# My Untamed/Rockocco haul w/pics and swatches!



## Makeupluvr (Aug 21, 2006)

Greetings All! 

Let me just start by saying I have a TON of MAC.  Once I take pics of everything for the traincase section you will all see, LOL 
	

	
	
		
		

		
			





.  So I didn't get a lot from this collection because the quads remind me of stuff I already have and the lippies didn't do it for me because they aren't my colors or I have similar colors and because I have like 50+ lippies (NOT including glosses) and lip stuff isn't even my big thing e/s is!  LOL.  Anyway, so this collection didn't really do it for me but of course that didn't stop me from getting some stuff.  

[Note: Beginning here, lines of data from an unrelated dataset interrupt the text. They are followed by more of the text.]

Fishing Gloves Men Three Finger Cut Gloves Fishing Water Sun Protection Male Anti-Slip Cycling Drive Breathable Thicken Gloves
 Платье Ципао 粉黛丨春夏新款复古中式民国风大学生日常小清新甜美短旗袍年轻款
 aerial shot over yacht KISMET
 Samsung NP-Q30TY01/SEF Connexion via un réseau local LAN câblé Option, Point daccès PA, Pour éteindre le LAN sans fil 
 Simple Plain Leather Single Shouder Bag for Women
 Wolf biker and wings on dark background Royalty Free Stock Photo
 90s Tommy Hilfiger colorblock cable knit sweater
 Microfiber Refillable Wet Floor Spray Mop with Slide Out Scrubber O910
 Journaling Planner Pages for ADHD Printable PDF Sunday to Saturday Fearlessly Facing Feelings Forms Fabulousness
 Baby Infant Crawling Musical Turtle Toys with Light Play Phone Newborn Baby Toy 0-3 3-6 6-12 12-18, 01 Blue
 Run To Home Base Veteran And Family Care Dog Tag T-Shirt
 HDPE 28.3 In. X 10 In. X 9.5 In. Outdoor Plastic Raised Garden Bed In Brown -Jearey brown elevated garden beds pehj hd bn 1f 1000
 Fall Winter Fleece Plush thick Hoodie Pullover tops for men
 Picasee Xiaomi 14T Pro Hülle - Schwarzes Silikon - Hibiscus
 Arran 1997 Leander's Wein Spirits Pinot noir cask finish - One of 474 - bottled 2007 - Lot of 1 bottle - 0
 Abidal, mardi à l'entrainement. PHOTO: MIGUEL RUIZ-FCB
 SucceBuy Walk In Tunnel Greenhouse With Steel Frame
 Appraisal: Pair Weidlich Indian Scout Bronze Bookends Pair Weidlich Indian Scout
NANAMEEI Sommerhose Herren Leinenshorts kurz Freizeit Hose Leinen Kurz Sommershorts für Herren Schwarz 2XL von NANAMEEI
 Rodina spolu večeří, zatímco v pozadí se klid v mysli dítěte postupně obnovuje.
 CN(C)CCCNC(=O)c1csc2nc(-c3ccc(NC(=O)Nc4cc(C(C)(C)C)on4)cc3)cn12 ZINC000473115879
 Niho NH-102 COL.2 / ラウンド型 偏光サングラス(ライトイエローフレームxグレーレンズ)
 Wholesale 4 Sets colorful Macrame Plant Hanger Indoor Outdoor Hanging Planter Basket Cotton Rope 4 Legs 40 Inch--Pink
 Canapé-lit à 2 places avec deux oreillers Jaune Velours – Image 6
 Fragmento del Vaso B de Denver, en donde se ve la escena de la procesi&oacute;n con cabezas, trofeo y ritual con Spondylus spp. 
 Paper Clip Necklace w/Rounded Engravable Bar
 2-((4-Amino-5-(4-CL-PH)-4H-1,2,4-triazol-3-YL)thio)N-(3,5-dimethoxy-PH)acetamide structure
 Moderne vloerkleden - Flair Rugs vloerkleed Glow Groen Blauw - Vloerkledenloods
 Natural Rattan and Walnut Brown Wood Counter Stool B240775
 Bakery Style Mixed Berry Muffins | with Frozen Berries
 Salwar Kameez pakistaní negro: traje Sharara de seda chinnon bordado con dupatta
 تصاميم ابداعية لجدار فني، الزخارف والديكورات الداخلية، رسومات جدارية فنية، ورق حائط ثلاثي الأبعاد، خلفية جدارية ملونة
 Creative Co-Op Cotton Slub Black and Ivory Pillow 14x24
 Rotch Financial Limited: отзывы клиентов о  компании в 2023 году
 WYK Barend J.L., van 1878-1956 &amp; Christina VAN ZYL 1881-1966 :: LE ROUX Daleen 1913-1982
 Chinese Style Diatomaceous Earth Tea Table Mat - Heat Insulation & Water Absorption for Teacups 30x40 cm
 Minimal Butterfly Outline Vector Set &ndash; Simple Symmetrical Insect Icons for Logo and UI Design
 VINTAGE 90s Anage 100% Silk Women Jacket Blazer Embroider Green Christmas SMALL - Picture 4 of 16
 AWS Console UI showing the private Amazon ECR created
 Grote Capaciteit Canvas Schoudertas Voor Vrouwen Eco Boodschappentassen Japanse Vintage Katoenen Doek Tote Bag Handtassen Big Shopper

As others have said, Accent Red is almost identical to Ruby Red but if you look very closely, it has a bit more of a blue sheen/pearlessence to it.  But since I must own every frost pigment ever made by MAC, I got it.  
	

	
	
		
		

		
		
	


	




 LOL.

Anyway, so here are the pics I took, as you can see the ones with the flash really wash out the blushes but show off the lipglasses.  I didn't have time to label them but this is what I got:

Untamed
La La Libertine l/g (pink)
Truth & Light l/g (peach)
Stray Rose blush
Taupe blush 

Rockocco
Elaborate l/g (gold)
Pure Vanity l/g (red)
Accent Red pigment
Ostentatious fluidline (GORGEOUS! much prettier IRL)


Hope you all enjoy!






pic of everything I got with no flash:

http://i106.photobucket.com/albums/m...cconoflash.jpg

pic of everything I got with flash:

http://i106.photobucket.com/albums/m...ckoccobest.jpg 

Accent Red and Ostenatious:

http://i106.photobucket.com/albums/m...tentatious.jpg

Ostentatious up close:

http://i106.photobucket.com/albums/m...tentatious.jpg

l/g swatches:

http://i106.photobucket.com/albums/m...lgswatches.jpg

http://i106.photobucket.com/albums/m...gswatches2.jpg

http://i106.photobucket.com/albums/m...gswatches3.jpg

Ostentatious swatches:

http://i106.photobucket.com/albums/m...iousswatch.jpg

my hand looks old in this one, LOL:
http://i106.photobucket.com/albums/m...ousswatch3.jpg

http://i106.photobucket.com/albums/m...ousswatch2.jpg

Thanks for checking out my pics everyone!


----------



## Julie (Aug 21, 2006)

Great Haul and great pics. I really want that Fluidline.


----------



## queenofdisaster (Aug 21, 2006)

thank you for the pics... i KNOW i want those blushes! they're gorgeous and they're MATTE! 
	

	
	
		
		

		
		
	


	




 and elaborate l/g looks gorgeous!


----------



## Ms. Z (Aug 21, 2006)




----------



## Luxurious (Aug 21, 2006)

great haul!!! i want the pink blush(matte is cool) and this 2 untamed l/glasses


----------



## pugmommy7 (Aug 21, 2006)

I must get ostentacious!!! thanks so much!


----------



## Sophia84 (Aug 21, 2006)

Great haul!! Thanks for the pics!  I really really really want Truth & Light l/g!


----------



## luckyme (Aug 21, 2006)

Do you think the new Fluidline is more wearable or do you think Graphic Brown is more wearable? TIA!


----------



## ette (Aug 21, 2006)

Quote:

   Originally Posted by *luckyme* 
_Do you think the new Fluidline is more wearable or do you think Graphic Brown is more wearable? TIA!_

 
I have the same question!!
Also, is La La Libertine similar to anything?


----------



## Makeupluvr (Aug 21, 2006)

Quote:

   Originally Posted by *ette* 
_I have the same question!!
Also, is La La Libertine similar to anything?_

 
For luckyme and ette:
IMO Ostentatious is wearable.  It is basically blue brown pigment as a liner.  Blue Brown on top of Ostentatious is STUNNING/GORGEOUS!  You could wear Ost. on the lid or as a liner and then with blue brown on top, it would REALLY pop.  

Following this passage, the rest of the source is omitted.